Go through the data and copy every line in which "Hanging" appears.

--- --- ---

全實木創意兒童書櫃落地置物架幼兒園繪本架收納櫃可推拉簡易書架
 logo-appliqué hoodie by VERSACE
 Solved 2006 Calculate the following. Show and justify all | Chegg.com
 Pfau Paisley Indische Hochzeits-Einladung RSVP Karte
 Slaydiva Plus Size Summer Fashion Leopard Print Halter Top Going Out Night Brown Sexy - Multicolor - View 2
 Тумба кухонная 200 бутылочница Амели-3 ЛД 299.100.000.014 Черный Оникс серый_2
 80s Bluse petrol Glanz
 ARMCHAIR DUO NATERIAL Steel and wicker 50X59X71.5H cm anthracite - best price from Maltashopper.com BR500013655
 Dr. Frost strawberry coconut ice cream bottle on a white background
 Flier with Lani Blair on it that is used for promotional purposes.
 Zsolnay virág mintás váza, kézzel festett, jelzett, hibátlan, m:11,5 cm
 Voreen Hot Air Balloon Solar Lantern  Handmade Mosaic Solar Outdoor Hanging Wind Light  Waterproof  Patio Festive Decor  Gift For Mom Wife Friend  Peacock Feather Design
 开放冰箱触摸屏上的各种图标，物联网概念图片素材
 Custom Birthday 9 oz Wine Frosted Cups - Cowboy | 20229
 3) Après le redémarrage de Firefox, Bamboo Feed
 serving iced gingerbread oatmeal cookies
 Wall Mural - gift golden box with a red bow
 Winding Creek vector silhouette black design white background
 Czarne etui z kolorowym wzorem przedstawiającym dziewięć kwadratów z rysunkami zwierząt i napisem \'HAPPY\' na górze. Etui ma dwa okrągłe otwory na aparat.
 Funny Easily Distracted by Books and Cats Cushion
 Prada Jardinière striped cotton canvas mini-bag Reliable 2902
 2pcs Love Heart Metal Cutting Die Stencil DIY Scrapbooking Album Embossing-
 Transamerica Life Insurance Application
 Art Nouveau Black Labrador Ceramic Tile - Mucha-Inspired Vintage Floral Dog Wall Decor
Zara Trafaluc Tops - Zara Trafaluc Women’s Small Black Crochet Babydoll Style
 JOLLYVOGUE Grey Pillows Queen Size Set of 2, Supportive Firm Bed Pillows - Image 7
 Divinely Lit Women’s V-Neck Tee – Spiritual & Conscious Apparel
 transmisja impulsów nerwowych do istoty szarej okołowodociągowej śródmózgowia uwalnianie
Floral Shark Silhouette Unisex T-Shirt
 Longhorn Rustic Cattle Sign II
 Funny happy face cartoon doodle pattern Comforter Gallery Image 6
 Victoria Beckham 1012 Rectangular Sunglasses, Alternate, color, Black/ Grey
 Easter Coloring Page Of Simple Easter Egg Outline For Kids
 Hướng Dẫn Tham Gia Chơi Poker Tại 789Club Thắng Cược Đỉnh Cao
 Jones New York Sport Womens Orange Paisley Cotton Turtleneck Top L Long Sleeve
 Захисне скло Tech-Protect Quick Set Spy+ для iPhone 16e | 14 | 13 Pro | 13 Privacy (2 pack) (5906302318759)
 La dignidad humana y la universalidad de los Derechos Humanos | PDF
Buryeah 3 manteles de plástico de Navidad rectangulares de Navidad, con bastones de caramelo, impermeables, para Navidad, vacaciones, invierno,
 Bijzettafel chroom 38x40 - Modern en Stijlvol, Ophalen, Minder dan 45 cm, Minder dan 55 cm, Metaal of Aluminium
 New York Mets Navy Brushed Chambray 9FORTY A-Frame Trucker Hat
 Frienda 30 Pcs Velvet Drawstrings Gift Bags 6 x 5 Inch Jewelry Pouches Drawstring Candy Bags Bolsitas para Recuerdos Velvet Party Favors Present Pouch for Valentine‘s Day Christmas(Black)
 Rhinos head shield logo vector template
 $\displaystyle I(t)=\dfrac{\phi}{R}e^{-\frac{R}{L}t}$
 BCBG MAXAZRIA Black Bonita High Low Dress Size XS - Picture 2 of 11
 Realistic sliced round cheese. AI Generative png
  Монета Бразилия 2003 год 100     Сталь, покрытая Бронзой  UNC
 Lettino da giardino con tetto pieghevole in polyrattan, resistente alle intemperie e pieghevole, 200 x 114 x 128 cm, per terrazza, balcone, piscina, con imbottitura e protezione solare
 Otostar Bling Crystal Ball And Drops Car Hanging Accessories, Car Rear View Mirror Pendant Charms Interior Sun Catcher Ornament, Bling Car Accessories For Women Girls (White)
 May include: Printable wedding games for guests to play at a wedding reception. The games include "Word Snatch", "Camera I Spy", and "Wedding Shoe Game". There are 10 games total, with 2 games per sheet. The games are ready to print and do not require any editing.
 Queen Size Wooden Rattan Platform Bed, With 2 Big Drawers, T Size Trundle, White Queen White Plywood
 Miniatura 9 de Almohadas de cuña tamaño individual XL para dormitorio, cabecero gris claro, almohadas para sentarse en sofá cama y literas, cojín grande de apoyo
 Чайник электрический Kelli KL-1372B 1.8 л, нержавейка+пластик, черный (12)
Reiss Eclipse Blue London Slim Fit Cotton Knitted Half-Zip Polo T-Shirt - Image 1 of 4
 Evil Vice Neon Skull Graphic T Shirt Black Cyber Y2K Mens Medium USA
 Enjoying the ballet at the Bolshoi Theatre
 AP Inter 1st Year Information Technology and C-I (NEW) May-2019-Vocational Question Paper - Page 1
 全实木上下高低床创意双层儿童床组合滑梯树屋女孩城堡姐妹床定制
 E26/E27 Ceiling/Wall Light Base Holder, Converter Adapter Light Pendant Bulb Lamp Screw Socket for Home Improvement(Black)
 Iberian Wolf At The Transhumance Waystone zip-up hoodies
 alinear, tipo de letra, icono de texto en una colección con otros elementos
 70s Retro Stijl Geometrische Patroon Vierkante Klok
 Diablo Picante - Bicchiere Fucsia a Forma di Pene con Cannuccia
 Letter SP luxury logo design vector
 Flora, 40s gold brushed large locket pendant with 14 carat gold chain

--- --- ---

=== EXPECTED ANSWER ===
 Voreen Hot Air Balloon Solar Lantern  Handmade Mosaic Solar Outdoor Hanging Wind Light  Waterproof  Patio Festive Decor  Gift For Mom Wife Friend  Peacock Feather Design
 Otostar Bling Crystal Ball And Drops Car Hanging Accessories, Car Rear View Mirror Pendant Charms Interior Sun Catcher Ornament, Bling Car Accessories For Women Girls (White)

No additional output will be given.